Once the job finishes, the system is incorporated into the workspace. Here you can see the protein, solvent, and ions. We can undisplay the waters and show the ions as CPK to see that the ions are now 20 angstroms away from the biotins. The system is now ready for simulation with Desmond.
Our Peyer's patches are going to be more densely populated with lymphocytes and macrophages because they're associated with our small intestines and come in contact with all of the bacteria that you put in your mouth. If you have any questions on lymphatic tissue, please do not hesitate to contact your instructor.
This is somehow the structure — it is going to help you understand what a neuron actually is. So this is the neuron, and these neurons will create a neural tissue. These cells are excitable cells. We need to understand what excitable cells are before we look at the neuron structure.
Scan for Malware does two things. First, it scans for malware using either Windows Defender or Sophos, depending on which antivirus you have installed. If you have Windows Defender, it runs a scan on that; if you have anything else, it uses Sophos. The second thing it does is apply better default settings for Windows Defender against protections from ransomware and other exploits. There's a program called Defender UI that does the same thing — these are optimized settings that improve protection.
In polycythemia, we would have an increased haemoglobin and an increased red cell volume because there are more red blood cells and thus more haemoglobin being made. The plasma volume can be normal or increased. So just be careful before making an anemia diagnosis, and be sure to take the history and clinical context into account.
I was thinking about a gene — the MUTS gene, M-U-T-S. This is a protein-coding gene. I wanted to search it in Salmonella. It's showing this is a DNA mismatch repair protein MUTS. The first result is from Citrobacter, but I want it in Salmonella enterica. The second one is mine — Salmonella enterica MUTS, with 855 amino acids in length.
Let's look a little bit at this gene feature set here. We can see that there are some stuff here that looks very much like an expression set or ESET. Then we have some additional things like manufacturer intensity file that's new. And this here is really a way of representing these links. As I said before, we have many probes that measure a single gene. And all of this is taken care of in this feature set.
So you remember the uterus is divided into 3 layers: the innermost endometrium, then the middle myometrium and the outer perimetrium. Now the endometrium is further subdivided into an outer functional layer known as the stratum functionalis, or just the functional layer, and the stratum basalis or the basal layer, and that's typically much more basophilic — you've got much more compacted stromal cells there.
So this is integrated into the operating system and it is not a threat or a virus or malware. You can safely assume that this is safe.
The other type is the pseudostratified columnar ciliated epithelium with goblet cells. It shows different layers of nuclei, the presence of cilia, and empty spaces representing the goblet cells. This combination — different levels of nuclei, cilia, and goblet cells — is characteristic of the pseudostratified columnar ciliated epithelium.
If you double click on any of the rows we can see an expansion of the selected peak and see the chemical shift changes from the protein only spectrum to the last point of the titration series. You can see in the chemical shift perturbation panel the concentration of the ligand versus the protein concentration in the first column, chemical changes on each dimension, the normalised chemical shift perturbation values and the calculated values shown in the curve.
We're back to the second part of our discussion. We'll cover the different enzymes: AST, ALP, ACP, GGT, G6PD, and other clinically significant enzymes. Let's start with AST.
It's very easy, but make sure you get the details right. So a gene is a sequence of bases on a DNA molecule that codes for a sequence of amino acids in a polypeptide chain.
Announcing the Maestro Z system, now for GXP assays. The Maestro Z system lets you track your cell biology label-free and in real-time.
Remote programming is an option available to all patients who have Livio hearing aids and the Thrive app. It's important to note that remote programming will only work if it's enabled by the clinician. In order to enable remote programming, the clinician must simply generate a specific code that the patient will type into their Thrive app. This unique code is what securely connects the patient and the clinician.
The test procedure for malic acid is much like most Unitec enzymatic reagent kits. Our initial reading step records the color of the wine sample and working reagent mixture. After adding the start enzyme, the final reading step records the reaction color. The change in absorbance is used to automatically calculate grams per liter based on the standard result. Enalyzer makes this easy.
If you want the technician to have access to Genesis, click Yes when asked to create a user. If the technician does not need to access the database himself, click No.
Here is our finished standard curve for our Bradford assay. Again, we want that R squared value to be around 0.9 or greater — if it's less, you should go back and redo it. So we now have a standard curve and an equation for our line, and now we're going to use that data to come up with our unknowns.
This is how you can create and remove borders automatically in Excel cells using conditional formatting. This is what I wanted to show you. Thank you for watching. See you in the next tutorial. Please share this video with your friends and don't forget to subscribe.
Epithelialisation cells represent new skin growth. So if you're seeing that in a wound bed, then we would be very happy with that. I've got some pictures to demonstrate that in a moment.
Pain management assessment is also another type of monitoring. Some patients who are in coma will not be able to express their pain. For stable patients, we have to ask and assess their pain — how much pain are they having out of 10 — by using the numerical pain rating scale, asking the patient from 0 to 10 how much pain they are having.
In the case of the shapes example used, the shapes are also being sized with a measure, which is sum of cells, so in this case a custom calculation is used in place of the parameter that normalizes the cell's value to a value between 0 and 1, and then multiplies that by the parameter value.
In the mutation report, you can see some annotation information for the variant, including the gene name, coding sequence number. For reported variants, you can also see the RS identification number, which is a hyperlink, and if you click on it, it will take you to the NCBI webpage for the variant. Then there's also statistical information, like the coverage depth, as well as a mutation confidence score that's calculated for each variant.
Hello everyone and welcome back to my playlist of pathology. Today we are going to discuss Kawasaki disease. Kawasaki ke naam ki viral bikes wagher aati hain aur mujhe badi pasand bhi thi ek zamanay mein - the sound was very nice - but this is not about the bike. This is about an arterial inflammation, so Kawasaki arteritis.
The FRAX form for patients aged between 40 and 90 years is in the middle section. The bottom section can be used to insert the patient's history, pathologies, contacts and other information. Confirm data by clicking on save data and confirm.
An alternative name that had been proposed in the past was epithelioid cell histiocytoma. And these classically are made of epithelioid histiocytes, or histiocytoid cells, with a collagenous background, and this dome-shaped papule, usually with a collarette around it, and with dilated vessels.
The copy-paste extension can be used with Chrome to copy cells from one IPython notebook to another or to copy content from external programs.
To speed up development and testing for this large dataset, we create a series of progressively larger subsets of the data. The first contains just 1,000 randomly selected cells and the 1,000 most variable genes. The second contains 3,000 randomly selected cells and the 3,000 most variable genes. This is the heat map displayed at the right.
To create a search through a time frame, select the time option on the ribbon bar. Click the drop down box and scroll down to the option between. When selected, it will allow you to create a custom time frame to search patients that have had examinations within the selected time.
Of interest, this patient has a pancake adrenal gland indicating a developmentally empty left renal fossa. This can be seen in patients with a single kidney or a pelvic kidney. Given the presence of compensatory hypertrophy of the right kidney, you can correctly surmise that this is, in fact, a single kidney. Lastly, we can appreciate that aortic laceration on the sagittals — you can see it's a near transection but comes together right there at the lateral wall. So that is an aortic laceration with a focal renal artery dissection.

================

** What you need to do **
In the entries above, find the line holding "Announcing the Maestro" and the line holding "Epithelialisation cells represent"; print both of them and every line between, exactly, and nothing else.

** Solution **
Announcing the Maestro Z system, now for GXP assays. The Maestro Z system lets you track your cell biology label-free and in real-time.
Remote programming is an option available to all patients who have Livio hearing aids and the Thrive app. It's important to note that remote programming will only work if it's enabled by the clinician. In order to enable remote programming, the clinician must simply generate a specific code that the patient will type into their Thrive app. This unique code is what securely connects the patient and the clinician.
The test procedure for malic acid is much like most Unitec enzymatic reagent kits. Our initial reading step records the color of the wine sample and working reagent mixture. After adding the start enzyme, the final reading step records the reaction color. The change in absorbance is used to automatically calculate grams per liter based on the standard result. Enalyzer makes this easy.
If you want the technician to have access to Genesis, click Yes when asked to create a user. If the technician does not need to access the database himself, click No.
Here is our finished standard curve for our Bradford assay. Again, we want that R squared value to be around 0.9 or greater — if it's less, you should go back and redo it. So we now have a standard curve and an equation for our line, and now we're going to use that data to come up with our unknowns.
This is how you can create and remove borders automatically in Excel cells using conditional formatting. This is what I wanted to show you. Thank you for watching. See you in the next tutorial. Please share this video with your friends and don't forget to subscribe.
Epithelialisation cells represent new skin growth. So if you're seeing that in a wound bed, then we would be very happy with that. I've got some pictures to demonstrate that in a moment.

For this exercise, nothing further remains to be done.